PSAT was built using a thin-client approach, in which the entire MVC logic resides on the server side. Hence, only a web browser is required in order to run a sequence analysis on PSAT. An online registration for a user account is available for all PSAT users at http://psat.llnl.gov/psat. User authentication is required in order to submit annotation jobs to the PSAT server. When submitting a new job, a user is required to either copy the fasta sequences onto the job submission form or upload a file containing a set of amino acid sequences in fasta format. Then, when the job is finished, an automated email with a job result download link is sent to the user.

Summary results are presented as a tabbed text file containing computational predictions and reliability metrics from the set of tools that were run for a given job. Because the user’s input FASTA sequences are processed by PSAT in parallel, individual computations will finish out of order with respect to the original input FASTA file. Therefore, prior to processing, the user’s headers are pre-pended with a sequential numeric identifier to enable re-establishment of the original ordering upon completion of the job. The (voluminous) raw data results are stored on our server in persistent storage and are available upon request for up to 3 months following completion of a job.

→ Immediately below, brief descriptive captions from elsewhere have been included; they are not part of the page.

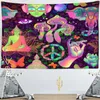 Tapisserier Psychedelic Mushroom Mandala Tapestry Wall Hanging Bohemian Gypsy Tapiz Witchcraft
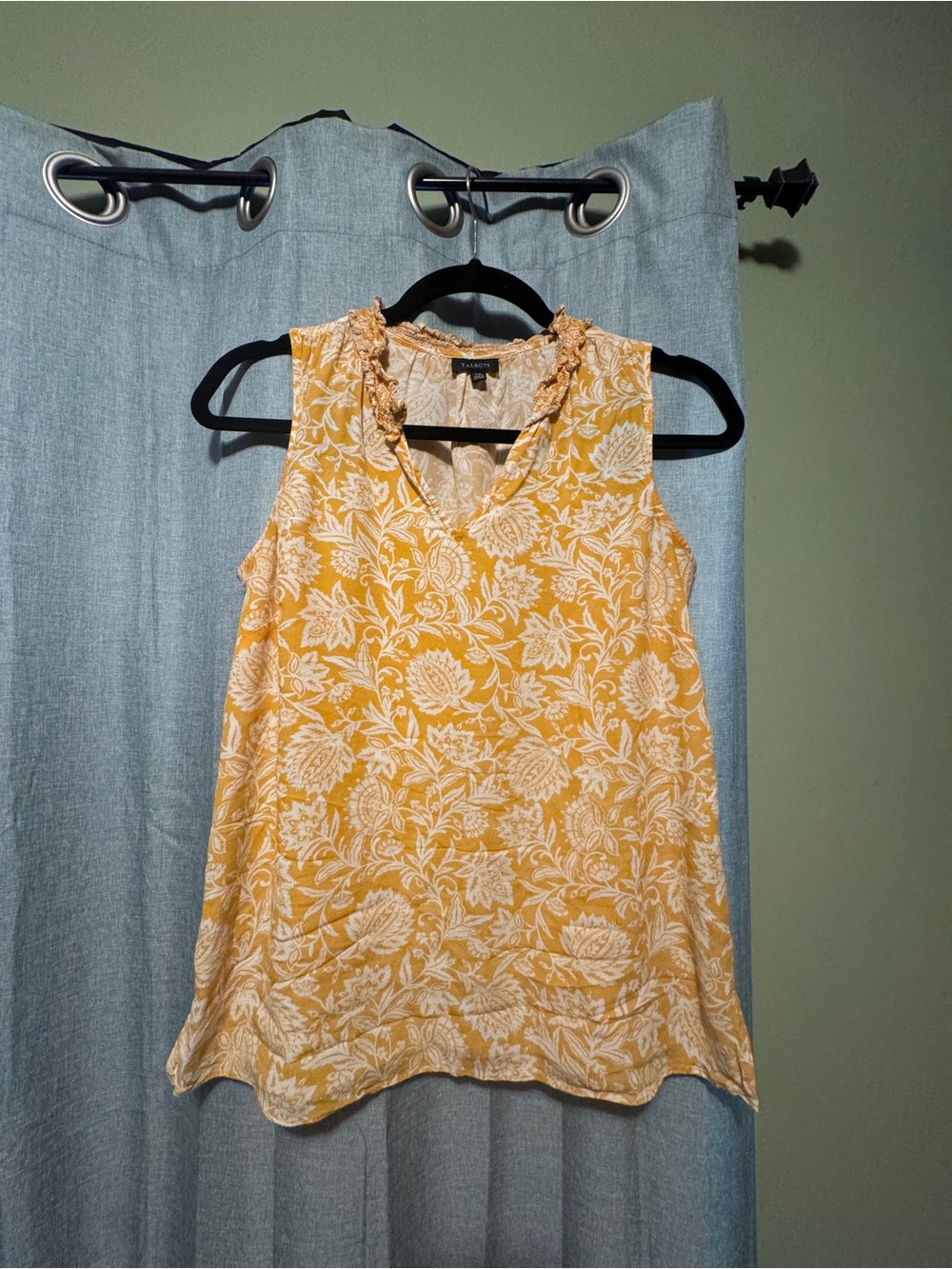 Talbots Sleeveless Yellow Floral V-Neck Top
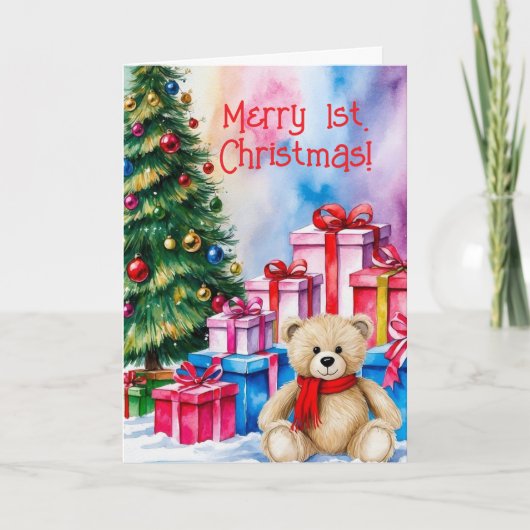 TEDDY BEAR 1ST. CHRISTMAS CARD DANKESKARTE (Vorderseite)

All PSAT users must login using their credentials at the beginning of each PSAT session. Once a PSAT user has successfully logged in, a homepage will be displayed dynamically, showing a list of the recently submitted PSAT jobs by the authenticated user and the corresponding job status. In order to control server load and file transfer volumes, we limit the number of submitted protein sequences to 800. However, users are encouraged to contact the authors regarding submission of jobs in excess of 800, and we welcome jobs that require enzyme prediction over whole bacterial proteomes or non-specific protein sets involving up to 10,000 protein sequences per job.

Genomic sequence for the case study

The genome of Herbaspirillum sp. strain RV1423 (henceforth RV1423), which was isolated from underground water contaminated with alkane and aromatic hydrocarbons, has already been sequenced in a whole-genome shotgun project [27]. The draft genome of RV1423 obtained from NCBI [28] comprises 131 contigs under the accession numbers CBXX010000001 to CBXX010000131. This newly sequenced genome, which has been reported previously to potentially degrade naphthalene [27], was selected for our case study to demonstrate the ability of PSAT to derive functional annotations and link them to metabolic pathways that may be present in a draft genome that has not yet been fully annotated.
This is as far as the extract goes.